Alberta may have finally found the right level for its oil curtailment program that has sent local oil prices on a roller coaster for the last few months.

Last week, Jason Kenney’s new provincial government announced it would roll the 3.71 million barrel a day June production limit into July. That production level seems to finally be doing what the curtailment program was designed to achieve: alleviate a glut caused by too much oil encountering too few pipelines. It also has strengthened prices to a point that makes crude by rail exports worth the cost.

“Certainly, it appears, at this point, you do have a widening differential scenario that’s more supportive of rail,” Kevin Birn, IHS Markit’s director of North American crude oil markets, said by phone.

The province’s previous government under former Premier Rachel Notley announced the curtailment program in December after export pipelines filled to capacity and local oil prices collapsed.
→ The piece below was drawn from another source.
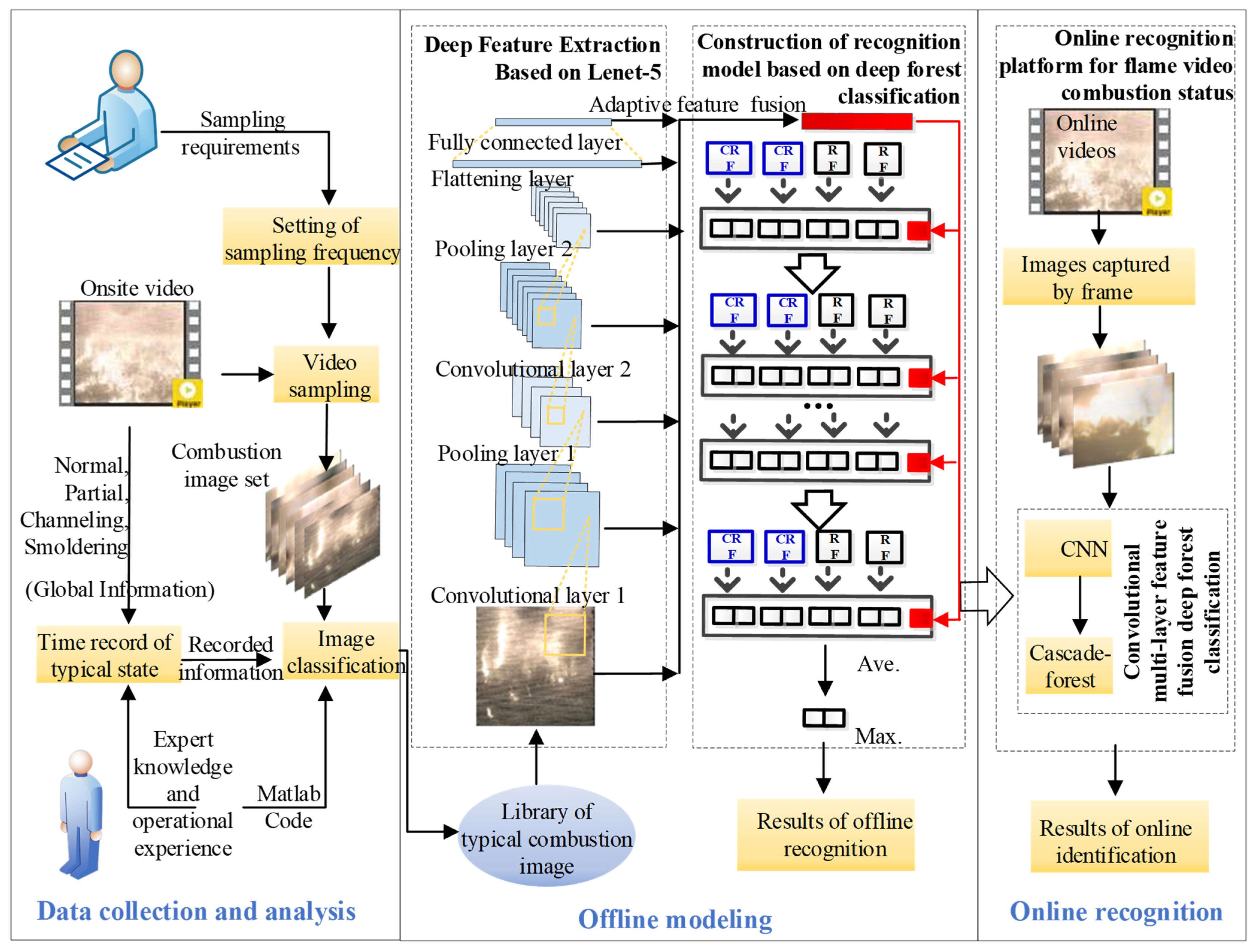 Sustainability 16 02042 g011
The 3.56 million barrel a day limit set by the government for January was equivalent to a 325,000 barrel a day cut for the province’s largest producers.
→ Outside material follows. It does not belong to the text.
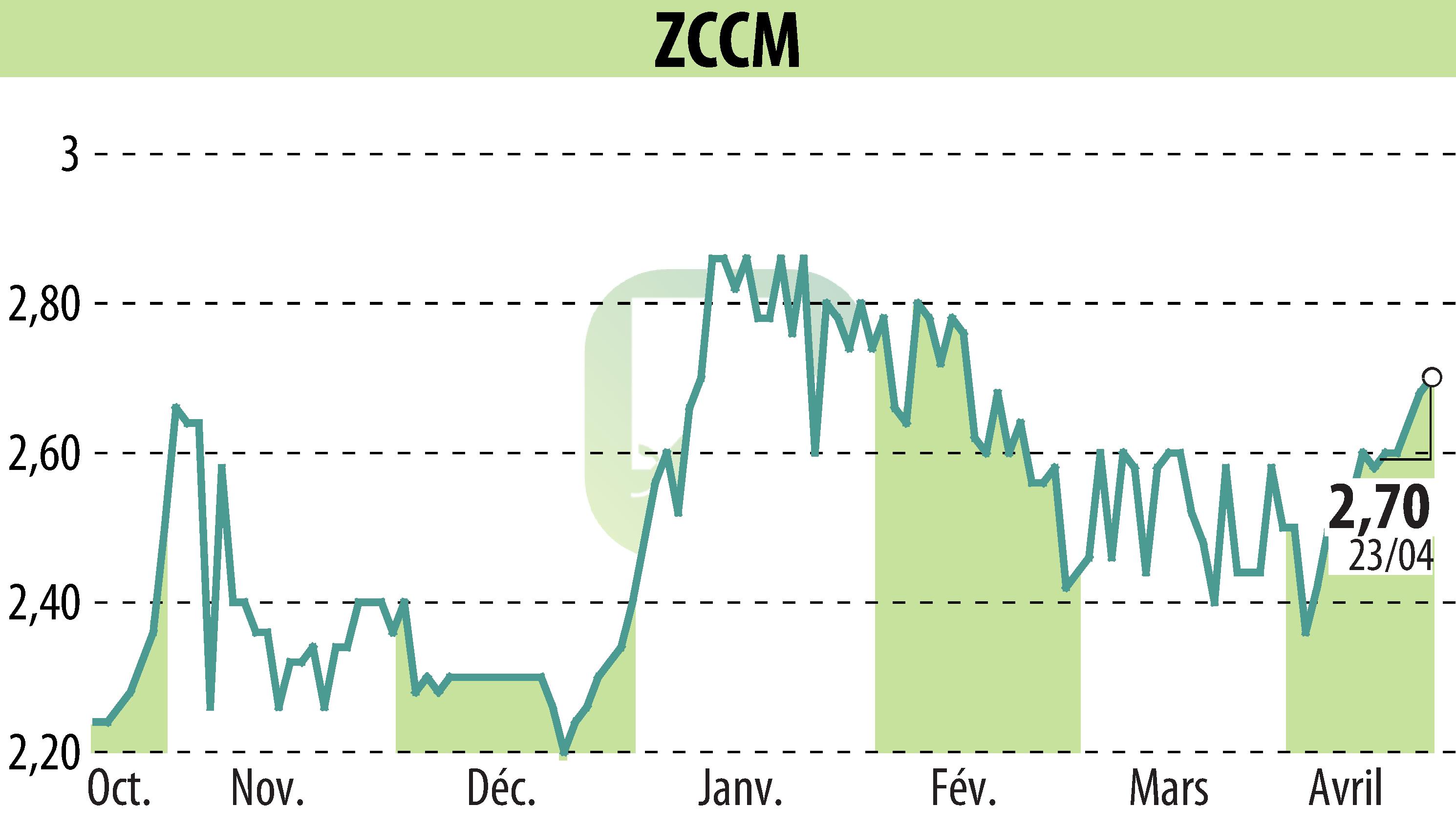 Stock price chart of ZCCM (EPA:MLZAM) showing fluctuations.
Prices surged so much after the announcement that it became unworkable to ship crude by rail. After a brief decline, inventories began to rise again and reached a record at the end of April, according to Genscape.

The government has been relaxing the production limits since January. As output increased, Western Canadian Select’s discount to New York futures widened from about $8 a barrel in early April to US$17 a barrel at the end of May, before narrowing to over $14 after wildfires prompted the shutdown of some heavy oil production.
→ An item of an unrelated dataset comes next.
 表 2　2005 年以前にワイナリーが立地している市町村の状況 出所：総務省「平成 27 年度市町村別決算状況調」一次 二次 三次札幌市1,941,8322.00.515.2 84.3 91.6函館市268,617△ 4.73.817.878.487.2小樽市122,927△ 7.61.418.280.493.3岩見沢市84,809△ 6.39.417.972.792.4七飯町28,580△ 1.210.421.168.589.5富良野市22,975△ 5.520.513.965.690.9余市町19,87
Heavy Canadian crude’s discount to West Texas Intermediate is set widen to greater than $20 a barrel through the second half of the year and into 2020 as the curtailments are relaxed, Rory Johnston, commodity economist at Scotiabank, said in a video presentation last month. That discount would still provide enough incentive for crude-by-rail shipments.

To be sure, some oil sands production that was down for maintenance started to come back online in May so the widening discount for Canadian heavy crude isn’t surprising and “it’s hard to gauge” success off one month, Birn said. Inventories are still too high making for a “very fragile market,” he said. Production limits will have to continue to be raised as rail ramps up.

“The test is really going to be in the fall,” he said. “Is the rail capacity going to be in the market?”